I took a walk through the Quarter, stopping for a good old fashioned at Tujague’s. A group of businessmen were at the bar drinking sazeracs and engaging in salesman banter. It was an interesting change of pace from the vampire tour crowd that I often run into at the standup bar. I am glad to have escaped that life long ago, although their matching fancy shoes were nice.

It was a mellow Thursday. I went through some computer stuff, repopulated my calendar I had misplaced and had a lunch in the courtyard, followed by a late afternoon walk through the Quarter to Rouses with the excuse of buying a few groceries. I had a beer on the way home at Harry’s, but otherwise respected the low energy day.

Friday was a good 80 degree day in the Quarter. I took a walk to enjoy the warm weather and to get a serious book for the Thanksgiving trip. I went to Faulkner Books in Pirate’s Alley, a small room with a good selection of New Orleans history and fiction. I settled on John Barry’s history of the 1927 flood and its social ramifications for the city and the South. I walked it back through Jackson Square and ran into Katie Leese selling art. We chatted for a bit about Thanksgiving plans, and she told me about Opening Day at the racetrack on the weekend. Everyone, or at least all the cool kids, come in costume, with the main themes being the roaring 20s garden party, but a lot of random thrown in. Katie is doing a big hat with a two foot tall hand made flamingo over a gold sheath dress. Never get in a costume contest with a New Orleans artist.
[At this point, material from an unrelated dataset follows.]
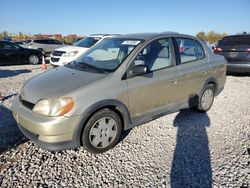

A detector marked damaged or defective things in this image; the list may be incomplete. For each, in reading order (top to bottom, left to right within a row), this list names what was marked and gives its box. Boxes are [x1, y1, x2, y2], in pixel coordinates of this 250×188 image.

I stopped at Mollies for a Guinness and read the prologue and the descriptions of the photos in my new book-it was hard to put away, and a good place to sit in the afternoon, like a library with beer.

I have been shopping for furniture to replace the first round in our condo, specifically looking for a comfortable chair or perhaps a living room set that would give us a positive upgrade. As always, the furniture store had a limited time only sale, with an advertised 40 percent off for Black Friday. It got me in the door. I was salespersoned for about an hour and discovered once again that my taste out ranges my budget. I did come to some conclusions, like I’m probably not ready for a full set of couch and chairs, but the right price (not found yet) could do put me over the edge. I am leaning against a recliner, but a small hidden mechanical one might work, but they don’t seem to exist. I did find a modern recliner in light colored leather with an ottoman that I liked and was comfortable, but it was not a bargain and within ten or twenty dollars of a similar one I liked at West Elm. I’m coming to the conclusion that this is just what good furniture costs, and perhaps I like the money in the bank more than the leather in the room.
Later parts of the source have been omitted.